Gold Prices Holding Steady Following In-Line U.S. CPI Data
(Kitco News) - Gold prices are holding on to gains, just below critical resistance at $1,300 an ounce as inflation pressures remained relatively muted last in 2018, consumer inflation data last month.
Friday, the U.S. Labor Department said its U.S. Consumer Price Index declined 0.1% in December, after November’s unchanged reading The data was in line with consensus forecasts. For the year, headline inflation rose 1.9%.
According to the report, a drop in gasoline prices was the biggest factor on tame price pressures last month. The gasoline index dropped 7.5% last month.
“This decline more than offset increases in several indexes including shelter, food, and other energy components,” the report said.
In total, the energy index fell 3.5% last month.
Monthly core inflation, which strips out volatile food and energy costs, rose 0.2%, following a 0.2% increase in November. Economists were expecting to see a 0.2% rise in price pressures.
For the year core inflation rose 2.2%, unchanged from November’s reading.
Gold prices have been maintaining a fairly even keel as pries hold on to most of its recent gains, trading near a six-month high. The in-line economic data is having little impact on the yellow metal. February gold futures last traded at $1.291.70 an ounce, up 0.35% on the day.
Inflation data has seen renewed focus from markets as this could be the one factor that determines how aggressive the Federal Reserve will be in raising interest rates this year.
Thursday at an event in Washington, Federal Reserve Chairman Jerome Powell, reiterated his stance that because of tame inflation pressures, the central bank can be patient and wait to see how the economy does to determine the next interest rate hike.

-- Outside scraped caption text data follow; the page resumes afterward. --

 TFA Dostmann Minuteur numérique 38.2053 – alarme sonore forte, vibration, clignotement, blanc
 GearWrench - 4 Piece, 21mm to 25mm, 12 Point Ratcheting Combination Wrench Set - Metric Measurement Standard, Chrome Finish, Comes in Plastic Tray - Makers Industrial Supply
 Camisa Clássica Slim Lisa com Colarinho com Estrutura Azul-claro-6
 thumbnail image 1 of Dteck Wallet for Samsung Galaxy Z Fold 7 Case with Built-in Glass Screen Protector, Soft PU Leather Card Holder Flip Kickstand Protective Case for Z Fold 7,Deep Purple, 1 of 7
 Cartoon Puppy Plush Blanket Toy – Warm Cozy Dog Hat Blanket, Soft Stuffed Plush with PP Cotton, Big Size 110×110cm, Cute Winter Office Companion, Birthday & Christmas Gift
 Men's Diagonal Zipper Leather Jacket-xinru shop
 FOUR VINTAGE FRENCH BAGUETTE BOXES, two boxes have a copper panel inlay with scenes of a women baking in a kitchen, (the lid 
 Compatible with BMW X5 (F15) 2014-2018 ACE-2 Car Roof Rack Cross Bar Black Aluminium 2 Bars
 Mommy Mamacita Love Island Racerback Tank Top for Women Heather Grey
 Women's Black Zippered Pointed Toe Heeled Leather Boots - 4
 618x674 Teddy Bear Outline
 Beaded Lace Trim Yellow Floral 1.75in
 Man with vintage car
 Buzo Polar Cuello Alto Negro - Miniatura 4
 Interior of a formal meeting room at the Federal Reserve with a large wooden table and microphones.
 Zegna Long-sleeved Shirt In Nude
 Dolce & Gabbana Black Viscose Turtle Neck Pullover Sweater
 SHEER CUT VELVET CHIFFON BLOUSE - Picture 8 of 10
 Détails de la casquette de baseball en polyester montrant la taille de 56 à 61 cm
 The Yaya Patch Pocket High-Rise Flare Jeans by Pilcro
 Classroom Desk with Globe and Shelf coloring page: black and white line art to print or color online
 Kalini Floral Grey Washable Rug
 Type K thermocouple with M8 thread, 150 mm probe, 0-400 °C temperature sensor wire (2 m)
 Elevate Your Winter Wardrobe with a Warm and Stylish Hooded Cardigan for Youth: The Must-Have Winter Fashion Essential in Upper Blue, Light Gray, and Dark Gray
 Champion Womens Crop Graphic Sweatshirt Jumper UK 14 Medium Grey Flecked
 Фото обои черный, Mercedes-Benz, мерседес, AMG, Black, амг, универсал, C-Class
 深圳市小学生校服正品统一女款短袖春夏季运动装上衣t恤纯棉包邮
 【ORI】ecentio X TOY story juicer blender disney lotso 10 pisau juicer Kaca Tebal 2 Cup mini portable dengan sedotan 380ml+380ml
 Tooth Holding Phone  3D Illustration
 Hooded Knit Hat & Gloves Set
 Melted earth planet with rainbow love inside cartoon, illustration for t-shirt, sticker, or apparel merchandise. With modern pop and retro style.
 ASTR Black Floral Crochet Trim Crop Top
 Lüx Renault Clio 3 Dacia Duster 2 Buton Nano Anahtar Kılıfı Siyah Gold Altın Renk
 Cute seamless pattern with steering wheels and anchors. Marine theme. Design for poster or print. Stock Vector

Katherine Judge, senior economist at CIBC World Markets, said that the latest inflation data supports the view that the Federal Reserve can be patient on future rate hikes.
“With little indication here that the acceleration in wage pressures or tariffs are causing any pickup in inflation, the Fed can take a pause in Q1 on raising rates to assess the health of growth indicators,” she said. “As such, we continue to expect only one hike in 2019, materializing in Q2.”